JOGLOSEMARNEWS.COM Umum Nasional

Remaja Putri 18 Sering Kunjungi Rumah Pacar, Kepergok Sedang Berduaan di Kamar setelah 4 Hari Diintai

Ilustrasi pacaran. Pexels

JOGLOSEMARNEWS.COM — Seorang remaja putri berusia 18 tahun ketahuan sering berkunjung ke rumah pacarnya. Hal tersebut membuat warga curiga hingga akhirnya melakukan pengintaian selama 4 hari.

Akhirnya remaja putri tersebut kepergok sedang berduaan di dalam kamar bersama sang kekasih.

Remaja putri ini bukannya rajin ke sekolah atau kampus, tapi belakangan ini ia malah justru rajin bertamu ke kamar tidur pemuda pujannya di Matangtepah, Bendahara, Aceh Tamiang, Senin (5/4/2021) kemarin.

Alhasil, ia pun diamankan Satpol PP dan WH Aceh Tamiang.

Sebelum diamankan petugas telah lebih dulu mengintai kebiasaan NR (18), masuk ke kamar tidur pemuda AU (22).

Baca Juga :  Terkait Gagasan Jokowi Soal BRIN, Hasto: Jangan Bicara Bagi-bagi Jabatan

“Pengintaian ini kami lakukan selama empat hari,” kata Kabid Penegakan Syariat Islam Satpol PP dan WH Aceh Tamiang, Selasa (6/4/2021).

Dia menjelaskan penangkapan berawal dari laporan masyarakat mengenai keganjilan sikap NR yang terlalu agresif menyambangi rumah AU pada Jumat (2/4/2021) lalu.

Dalam laporan itu, disebutkan NR acap kali datang dan berlama-lama berada di kamar tidur AU.

Namun karena bukti permulaan tentang tuduhan ini terlalu minim, petugas pun tak berani gegabah mengambil tindakan tegas.

“Kami masih menunggu, tidak mau sembarangan bertindak,” jelasnya.

Syahrir mengungkapkan pihaknya baru berani bertindak setelah pengintaian memasuki hari keempat.

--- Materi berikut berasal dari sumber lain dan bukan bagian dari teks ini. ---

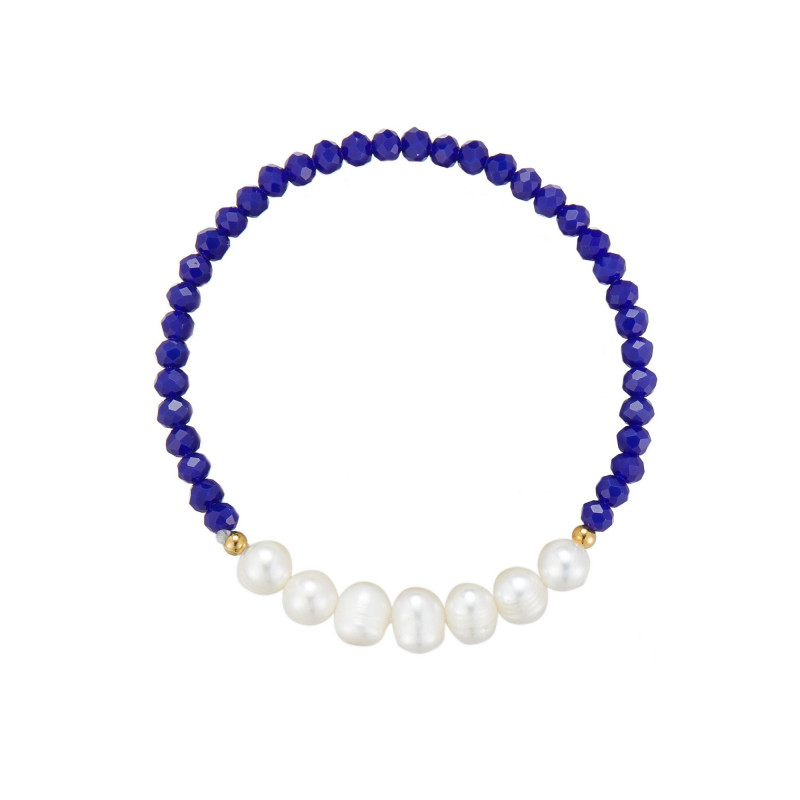 Udve - Bracelet élastique acier Bleu marine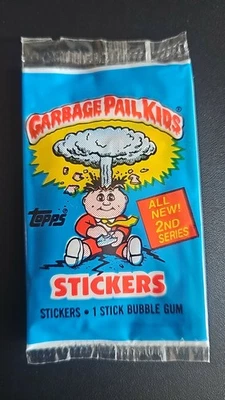 UK GARBAGE PAIL KIDS SERIES 2 SEALED PACK GPK RARE OS2 PACK 2nd MINIS - Bild 1 von 2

Baca Juga :  Kementerian Investasi Bakal Berujung Reshuflle, Hasto: Itu Hak Prerogatif Presiden

Saat itu, persisnya Senin (5/4/2021) sekira pukul 10.00 WIB, petugas memergoki NR datang ke rumah AU dan langsung masuk ke kamar tidur.

“Keduanya langsung kami amankan, termasuk barang bukti yang kami temukan di dalam kamar tidur,” lanjut Syahrir.

Syahrir memastikan kedua pelaku diamankan saat berada di dalam kamar tidur.

Dalam pemeriksaan diketahi NR biasanya datang ke rumah AU sekira pukul 07.00 WIB ketika orang tua AU sudah pergi bekerja.

“Keduanya kita amankan untuk menghindari kemarahan warga, sekaligus untuk dimintai keterangan,” kata Syahrir.